10- NİKİTA filminde kadın cinsel bir obje olarak ön plana çıkarılmamışken ve erotik sahneler daha çok duygusal yoğunluk barındırırken uyarlama filmde kadın vücudu sadece ana karakter Maggie’nin bedeni üzerinden değil bazı sahneler üzerinden de erotizm bağlamında ön plana çıkarılarak işlenmiştir. Hollywood filmlerinde kadına veya kadın bedenine genel yaklaşımın bir tezahürü uyarlama filmde de kendine yer bulmuştur.

GENEL DEĞERLENDİRME

Bir tersine etkileşim süreci Amerikan filmlerinden Avrupa sinemasına taşınan, kadının aksiyonda değişen rolüdür. Amerikan sinemasının 70 sonlarından beri alışık olduğu silahlı kadın karakteri Nikita ile Avrupa sinemasına taşınmış, yeniden çevrimi Kaçış Yok ile tekrar alışıldık bir karakter olarak Amerikan sinemasınca uyarlanmıştır. Nikita örneği ise ilginçtir; çünkü Fransız sinemasında benzerleri yoktur.
Bir Fransız yönetmen olan LUC BESSON Hollywood’a aksiyon konusunda örnek olacak bir film sunuyor. Nikita filminin başrol oyuncusu Anne Parillaud o dönemde Luc Besson'un eşidir.
Her iki filmde de kadın karakterlerin düzene başkaldırısı sonucunda toplumsal-politik sistem tarafından cezalandırılışı sonrasında ancak düzenin bir parçası haline gelerek tüm zincirlerini (belki) kırarak özgürleşmesi üzerine çekilmiş bir film konusu vurgulanıyor.

Eski Fransız yeni dalga filmlerine benzeyen Nikita'nın karate eğitmenini tekmelerle yere serip hemen sonrasında kıpkırmızı bir perdenin onunda bale yaptığı sahne hem komik hem de oldukça stil bir sahne olarak izleyiciye farklı bir enstantane sunulmuştur.
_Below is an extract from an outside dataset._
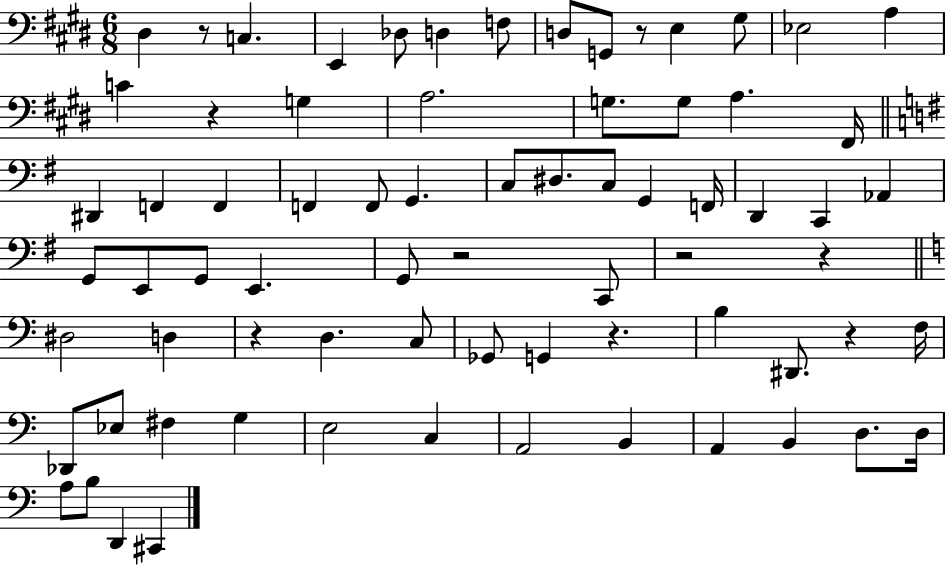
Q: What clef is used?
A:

Nikita / Maggie kadın olmak istese de buna izin verilmez. Doğum günü hatırına yemeğe çıkarken süslenir püslenirler, kadın kimliğinin içine girmeye çalışırlar, ama önlerine hediye olarak silah - yani erkeksi bir simge - konur. Sonradan sevgilisi olacak kasiyeri/emlakçıyı yemeğe davet etmesi de erkeksi bir davranıştır, zaten sevgilileri genelde bir şey isteyenin kendisi olduğunu söylerler, filmin sonlarında Nikita'yi elinde sigara olması da sigaranın da erkeksi bir yönü olması nedeniyle işlenmiş bir sahnedir. Nikita isminin Rusça da bir erke ismi olduğu da ayrı bir nüans olarak belertilmeyi hak ediyor.
Her iki filmde de asi olan (o dönem için punk ile ifadesini bulan) Nikita / Maggie erillikten dişilliğe evrilmiş gibi gözükseler de son sahne ile çekip giderler ve asi ruhları ile kimsenin gözünün yaşına bakmamışlardır.

Luc Besson Nikita filminde belli yönleri itibari ile Hollywood filmlerine benzemiş ve bu bakıdan başarı sağlamıştır şeklinde yorumlanabilecektir.